Both flags can be set in the Kedify Agent Helm Values file:

# to enable PRA set:
agent.features.podResourceAutoscalersEnabled=true

# to require annotated pods set:
agent.features.praRequiresAnnotatedPods=false

When annotation requirement is enabled, pods must include:

pra.kedify.io/reconcile: enabled

Pod Resource Autoscaler (PRA) CRD

The custom resource uses:

apiVersion: keda.kedify.io/v1alpha1
kind: PodResourceAutoscaler

Spec Overview

At a high level, a PRA describes:

which pods to manage (.spec.selector or .spec.target)
which container to resize (.spec.containerName)
how to evaluate and apply resize actions (.spec.policy)
optional bounds/step caps (.spec.bounds)

You must specify exactly one of .spec.selector or .spec.target.

Spec fields

paused: optional bool (default false)
priority: optional int (default 0)
target: optional workload reference (XOR with selector)
selector: optional label selector (XOR with target)
containerName: required string; the single container per pod to resize
policy: required; evaluation and sizing rules
bounds: optional; per-resource bounds and step caps for requests and/or limits

Status fields

conditions: Ready, Active, Scaling, Metrics
observedGeneration
effectiveSelector
lastScaleTime
lastScaleAction: scaleUp|scaleDown
lastScaleResourceChange: compact before/after delta from the last scale action
scaling: boolean derived from lastScaleTime + cooldown window (cleared after cooldown elapses by periodic runtime sync)

Example

apiVersion: keda.kedify.io/v1alpha1
kind: PodResourceAutoscaler
metadata:
  name: load-generator
spec:
  target:
    kind: deployment
    name: load-generator
  containerName: load-generator

  policy:
    pollInterval: 5s
    consecutiveSamples: 3
    cooldown: 2m
    after: containerReady
    delay: 10s

    cpu:
      requests:
        scaleUpThreshold: 75
        scaleDownThreshold: 60
        targetUtilization: 70
      limits:
        scaleUpThreshold: 85
        scaleDownThreshold: 70
        targetUtilization: 75
    memory:
      requests:
        scaleUpThreshold: 75
        scaleDownThreshold: 60
        targetUtilization: 70
      limits:
        scaleUpThreshold: 85
        scaleDownThreshold: 70
        targetUtilization: 75

  bounds:
    cpu:
      requests:
        min: 100m
        max: "2"
        step: 100m
        stepPercent: 25
      limits:
        min: 100m
        max: "3"
        step: 100m
        stepPercent: 25
    memory:
      requests:
        min: 96Mi
        max: 2Gi
        step: 64Mi
        stepPercent: 25
      limits:
        min: 300Mi
        max: 3Gi
        step: 64Mi
        stepPercent: 25

Addressing Pods

You can target pods in two mutually exclusive ways:

.spec.selector
.spec.target

Exactly one of these must be set.

Allowed target kinds:

deployment
statefulset
daemonset

When using .spec.selector, the selector uses the same shape as deployment.spec.selector.

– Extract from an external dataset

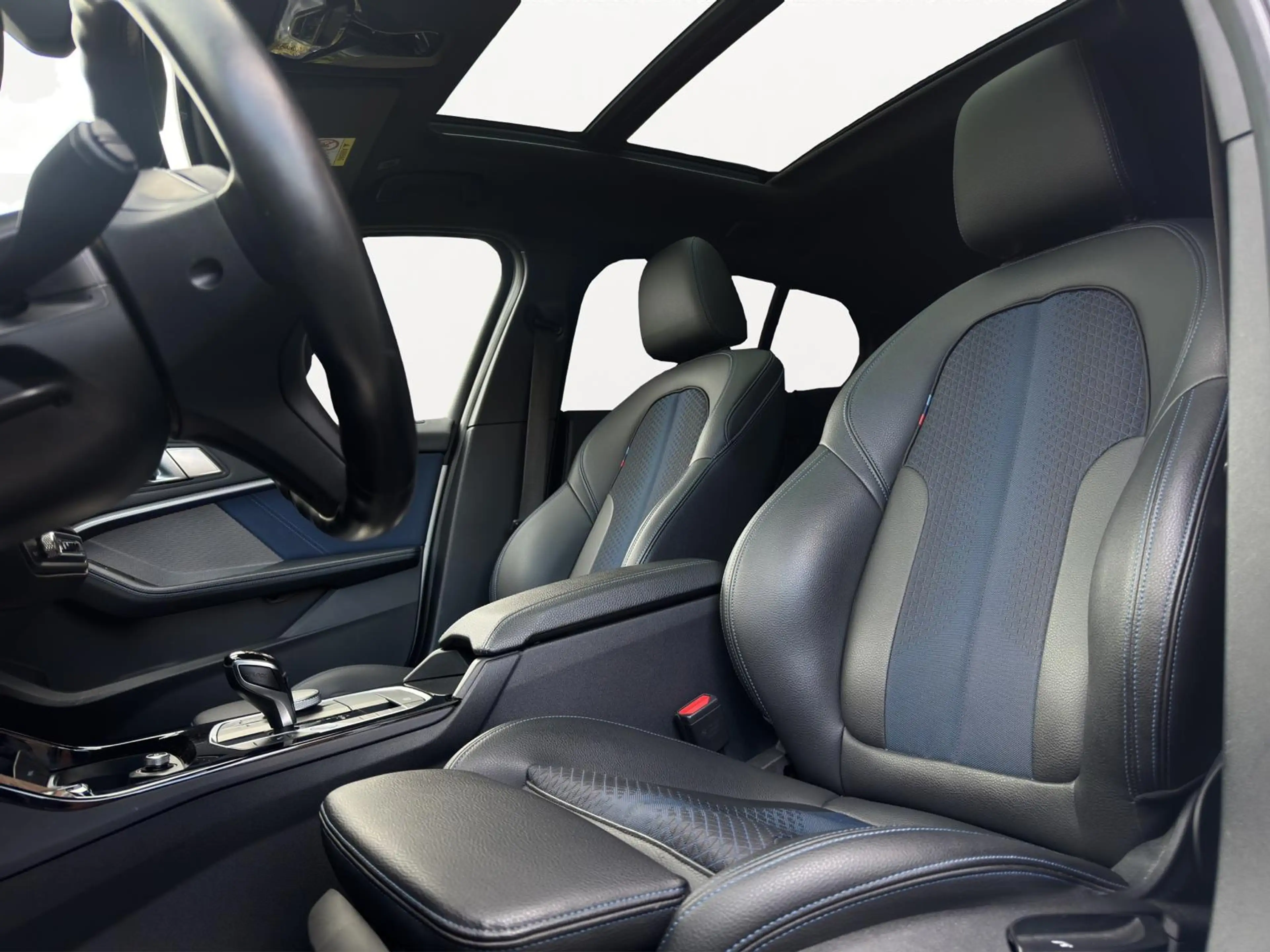 BMW 118 1-serie 118i 140PK M-Sport Shadow Pano Harman-Kard — photo 10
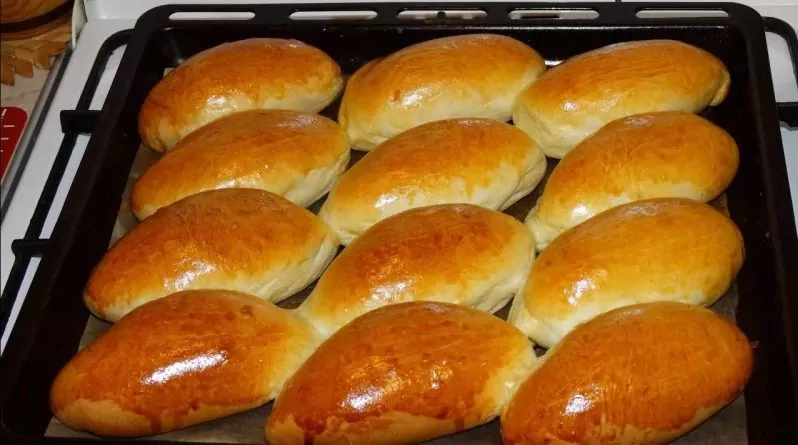 Greiti pyragėliai su kopūstais. Mano mamos receptas – mažai tešlos, daug įdaro! Greiti pyragėliai su kopūstais. Mano mamos receptas – mažai tešlos, daug įdaro!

If multiple PRAs match the same pod, the winner selection is deterministic:

highest priority, then earliest next-eligible time, then lexicographic PRA name

Controller Behavior

Watches PodResourceAutoscaler and Pod.
Tracks matching pods keyed by pod UID.
Groups tracked pods by node and runs one poller per node.
The poller fetches kubelet /stats/summary once per cycle and evaluates only tracked pods on that node.

Polling Semantics

Node poll interval is the minimum pollInterval among tracked pods on that node.
Even when node polling is more frequent, each pod is evaluated only when its own pollInterval has elapsed.
Apply gating (after/delay) controls patch application, not metric sampling.

Scaling Policy

Top-level policy fields:

pollInterval: per-pod evaluation interval (node poll interval becomes the minimum interval among tracked pods on a node).
consecutiveSamples: required, must be >= 1
cooldown: required duration (minimum time between resize actions for the pod)
after: optional apply gate, one of running|containerReady|podReady (default containerReady)
delay: optional duration before apply (default 15s)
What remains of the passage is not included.